Faux, répond la gauche. «L’UDC est en train de déraper, commente Alberto Mocchi. Je suis interloqué, voire choqué. Jacques Nicolet dit par exemple ne pas être à l’origine de l’initiative contre l’intégrisme religieux pour ne pas passer pour un extrémiste, mais il la soutient. L’UDC Vaud suit malheureusement toujours plus la ligne blochérienne.» L’écologiste fait référence aux attaques de l’UDC vis-à-vis de Béatrice Métraux, accusée d’instrumentaliser les Verts et les communautés religieuses. Et aussi à La Voie du Bon Sens, pamphlet électoral, qui mêlait gifles sur les enfants, avortements et féminisme, religion et «indigestion».

3. Difficile de s’attaquer pour PLR, PS et Verts

Le principal problème pour les partis, c’est qu’ils auront de la peine à attaquer le bilan de leurs adversaires. En construisant leur binôme incontournable, Pascal Broulis et Pierre-Yves Maillard ont lié les mains de leur formation politique respective, chacune étant coresponsable de l’action des autres.

«Nous attaquerons l’UDC et le PLR notamment sur leur action au parlement fédéral où ils détiennent la majorité et où leurs votes ont des conséquences négatives sur la population vaudoise», illustre Gaétan Nanchen, le secrétaire général du PS vaudois. «Sur le bilan du PLR au Conseil d’Etat, c’est plus difficile. Il s’agit d’un collège où les décisions sont consensuelles. Nous mettrons en avant le bilan de la majorité de gauche. La bataille se fera sujet par sujet, sans les personnifier. Par exemple, nous avons une vision de la promotion économique différente de celle de Philippe Leuba, mais nous mettrons en avant nos propositions plutôt que d’attaquer frontalement une personne.»

C’est là le nœud du problème, selon Jean-Michel Dolivo, député de SolidaritéS: «A part quelques coups de griffes, il n’y a pas tellement de différences entre le PLR et le PS. Nous sommes dans une ornière sociale libérale et nous ne risquons pas d’en sortir. Il n’y aura pas de changement, quel que soit le résultat.»

4. Qui passera au premier tour?

Quatre candidats avaient été élus au premier tour en 2012: Pierre-Yves Maillard, Pascal Broulis, Jacqueline de Quattro et Philippe Leuba. Cette fois-ci, certains imaginent même que les six sortants peuvent être élus au premier tour, même si le scénario est peu probable. A part une simple affaire d’ego, cette question est importante sur le plan stratégique.

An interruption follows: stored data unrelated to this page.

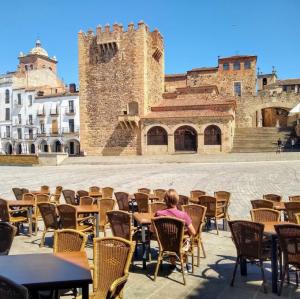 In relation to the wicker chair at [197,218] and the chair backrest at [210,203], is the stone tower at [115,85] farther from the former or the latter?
the wicker chair at [197,218]

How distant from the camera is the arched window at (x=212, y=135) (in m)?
32.6

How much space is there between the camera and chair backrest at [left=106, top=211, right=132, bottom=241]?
5.73 metres

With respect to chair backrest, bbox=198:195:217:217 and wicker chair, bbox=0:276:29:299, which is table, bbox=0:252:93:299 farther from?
chair backrest, bbox=198:195:217:217

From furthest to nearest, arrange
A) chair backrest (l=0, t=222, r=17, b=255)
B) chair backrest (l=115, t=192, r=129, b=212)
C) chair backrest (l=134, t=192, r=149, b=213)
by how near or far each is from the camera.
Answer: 1. chair backrest (l=115, t=192, r=129, b=212)
2. chair backrest (l=134, t=192, r=149, b=213)
3. chair backrest (l=0, t=222, r=17, b=255)

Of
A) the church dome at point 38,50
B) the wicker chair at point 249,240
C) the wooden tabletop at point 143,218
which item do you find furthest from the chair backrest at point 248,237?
the church dome at point 38,50

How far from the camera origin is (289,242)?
15.1 ft

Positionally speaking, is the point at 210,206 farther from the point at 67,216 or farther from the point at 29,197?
the point at 29,197

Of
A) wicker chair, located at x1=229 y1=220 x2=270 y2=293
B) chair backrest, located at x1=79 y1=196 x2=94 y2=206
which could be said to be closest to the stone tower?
chair backrest, located at x1=79 y1=196 x2=94 y2=206

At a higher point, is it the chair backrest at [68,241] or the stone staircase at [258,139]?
the stone staircase at [258,139]

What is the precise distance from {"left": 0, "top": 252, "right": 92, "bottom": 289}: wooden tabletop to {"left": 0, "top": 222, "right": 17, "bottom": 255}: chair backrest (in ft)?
2.79

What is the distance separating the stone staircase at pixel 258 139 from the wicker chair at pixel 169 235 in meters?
26.8

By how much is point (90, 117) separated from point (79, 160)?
22.7ft

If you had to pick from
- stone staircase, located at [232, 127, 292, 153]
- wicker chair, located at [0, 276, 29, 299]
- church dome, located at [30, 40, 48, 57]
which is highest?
church dome, located at [30, 40, 48, 57]

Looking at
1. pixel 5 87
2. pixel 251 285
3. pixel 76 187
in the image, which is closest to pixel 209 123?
pixel 76 187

Si le PLR place ses ministres du premier coup, cela diminue les chances de Jacques Nicolet. Sans allié PLR au second tour, pas sûr que les électeurs PLR se déplacent. Une situation résumée par Axel Marion, le président du Parti démocrate-chrétien (PDC): «Paradoxalement, le camp qui fera passer le plus de candidats au premier tour sera celui qui aura le moins de chance au deuxième.» (24 heures)

Créé: 13.03.2017, 21h48

Un seul ministre sur le départ, pas exceptionnel

Avec 15 candidats, l’élection de 2017 correspond à peu près aux précédentes, à l’exception de 1998 (19 candidats) et 2012 (21 candidats). Il y avait en effet 14 concurrents en 2002 et 12 en 2007.

Cette année, un seul siège est véritablement au cœur de la bataille, celui de la socialiste Anne-Catherine Lyon qui ne se représente pas. Cette situation n’est pas une première. Dans l’histoire récente, il y a l’année 1998, où seul le socialiste Daniel Schmutz avait décidé de quitter le gouvernement. En 2012, c’était le Vert François Marthaler qui laissait sa place.

Ce qui est plus rare, c’est quand plusieurs conseillers d’Etat partent en même temps, observe l’historien radical Olivier Meuwly. Ainsi les élections de 2002 et 2007 ont vu à chaque fois partir deux ministres: Claude Ruey et Charles Favre en 2002, Charles-Louis Rochat et Jacqueline Maurer-Mayor en 2007. «Tout aussi rares sont les non-réélections de ministres sortants», ajoute Olivier Meuwly. Il faut remonter à 1998 pour trouver le dernier désaveu populaire: l’éjection du popiste Josef Zisyadis. Il arrive aussi que des conseillers d’Etat soient débranchés par leur parti entre les deux tours, pour cause de score calamiteux. C’est arrivé aux socialistes Jean Jacques Schwaab en 1998 et Francine Jeanprêtre en 2002.